Purpose : Short-term improvements in retinal anatomy occur after photoreceptor transplantation in preclinical models of retinitis pigmentosa. However, long-term changes are poorly understood. Confocal laser scanning laser ophthalmoscopy (cSLO), a noninvasive imaging modality, could be used to track long-term retinal changes over time. We aimed to develop biomarkers of photoreceptor graft survival and differentiation in mouse recipients using multimodal cSLO (multicolor reflectance (MR), short-wavelength fluorescence (SWF) and spectral domain optical coherence tomography (SDOCT) modes).

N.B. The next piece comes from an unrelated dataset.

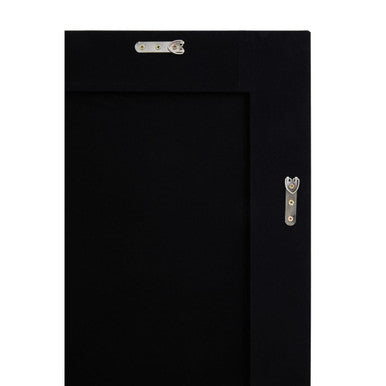 Large Rectangular Wall Mirror with Linear Detail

Methods : Fluorescent polystyrene FluoSpheresTM (505ex /515em nm, Invitrogen, USA) were transplanted intravitreally (n=6) or subretinally (n=6) in wild-type C57/BL6J mice. After 1 week, the eyes were imaged with MR and SWF (Spectralis, Heidelberg Engineering, USA). Photoreceptor cells from postnatal day 3–6 mice expressing fused human rhodopsin–green fluorescent protein (from Dr. T. Wensel, Baylor College of Medicine, TX) were subretinally transplanted into NOD.CB17-Prkdcscid/J mice (n=8) and mice homozygous for Pde6brd1 (n=5,C3H/HeJ) (both from Jackson Labs, USA). MR, SWF and SDOCT (Spectralis) were performed at 46, 66 and 86 (selected mice) days after transplantation.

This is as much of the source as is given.